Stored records

# # # #

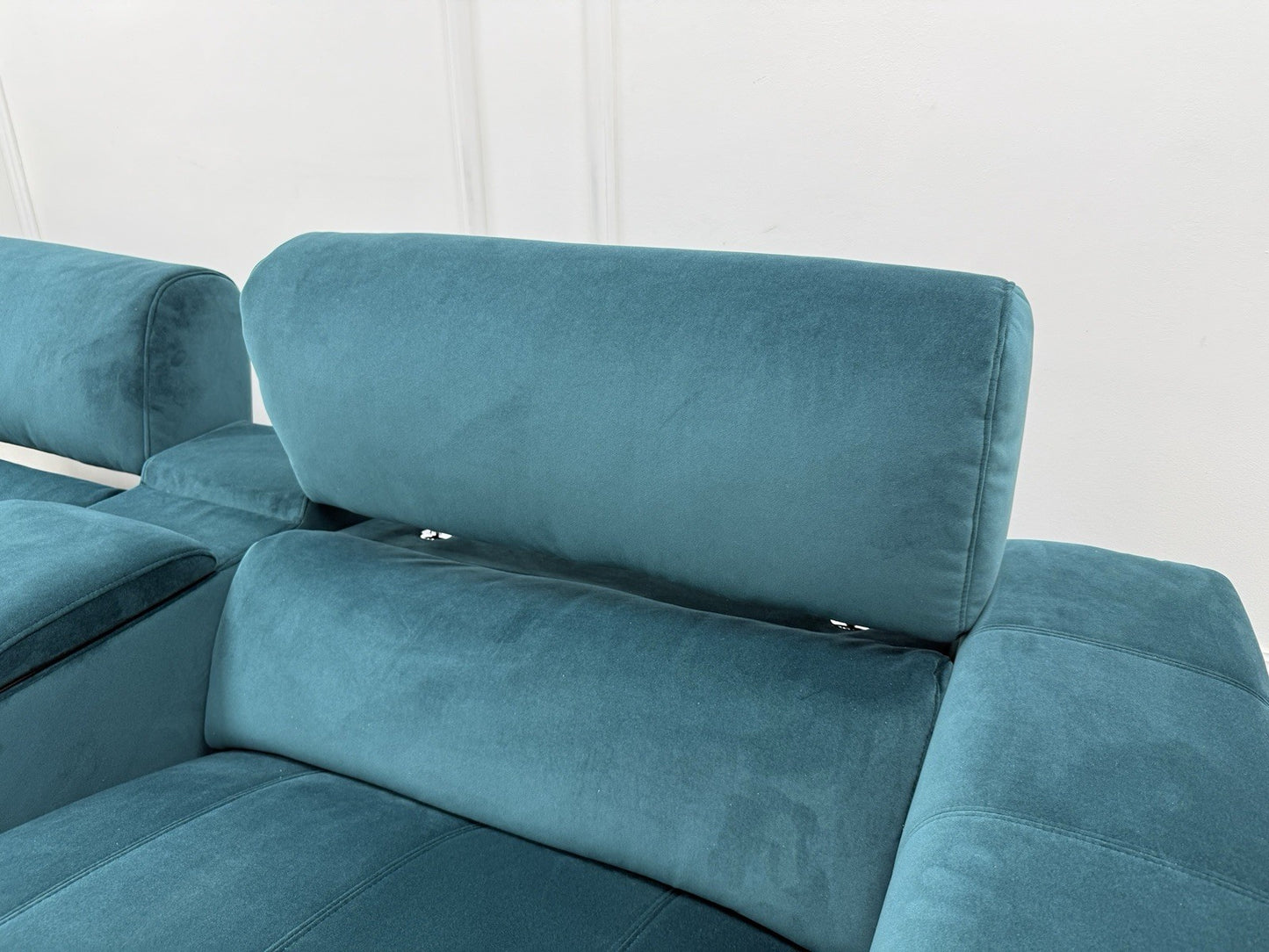 DFS Showcase Power Recliner 3 Seater Cinema Sofa In Teal Velvet Fabric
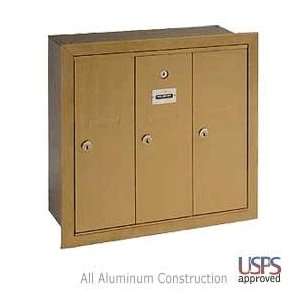   CLUSTER MAILBOX BRASS FINISH RECESSED MOUNTED USPS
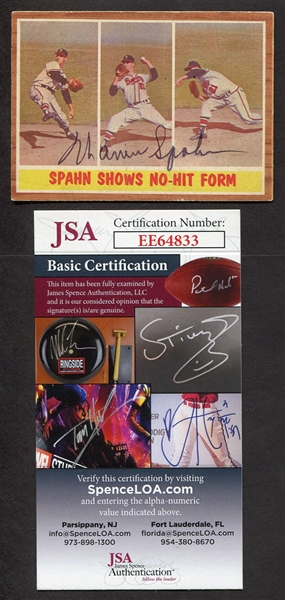 1962 Topps Warren Spahn Autographed JSA Certified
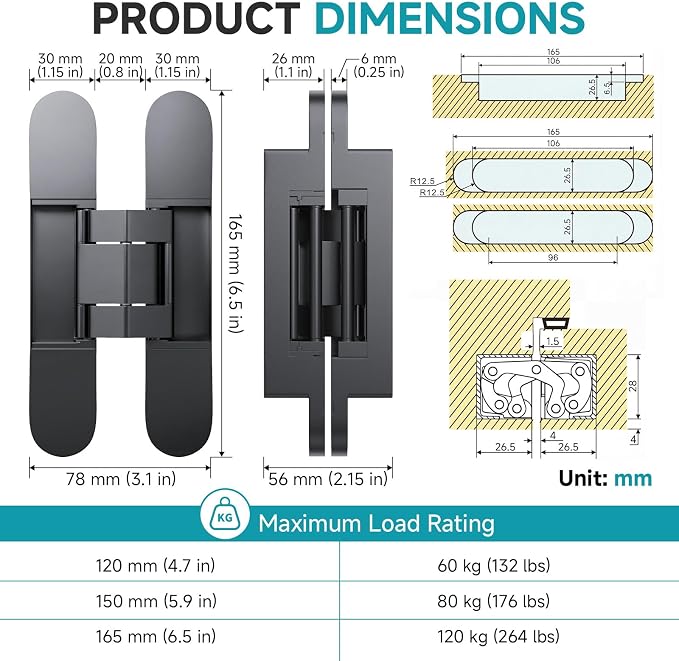 6.5" Hidden Door Hinges, Invisible Concealed Hinges, 180° Swing Adjustable Butt Hinge, Silent Operation, Ideal for Secret Rooms, Bookcase Doors & More (Black, 2 Pack)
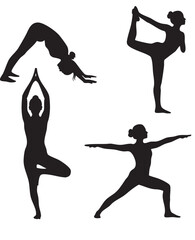 Set of four black silhouettes of a woman practicing yoga poses.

# # # #

Your copy must match the records above exactly, apart from the pictures, which are excluded.

 DFS Showcase Power Recliner 3 Seater Cinema Sofa In Teal Velvet Fabric
   CLUSTER MAILBOX BRASS FINISH RECESSED MOUNTED USPS
 1962 Topps Warren Spahn Autographed JSA Certified
 6.5" Hidden Door Hinges, Invisible Concealed Hinges, 180° Swing Adjustable Butt Hinge, Silent Operation, Ideal for Secret Rooms, Bookcase Doors & More (Black, 2 Pack)
 Set of four black silhouettes of a woman practicing yoga poses.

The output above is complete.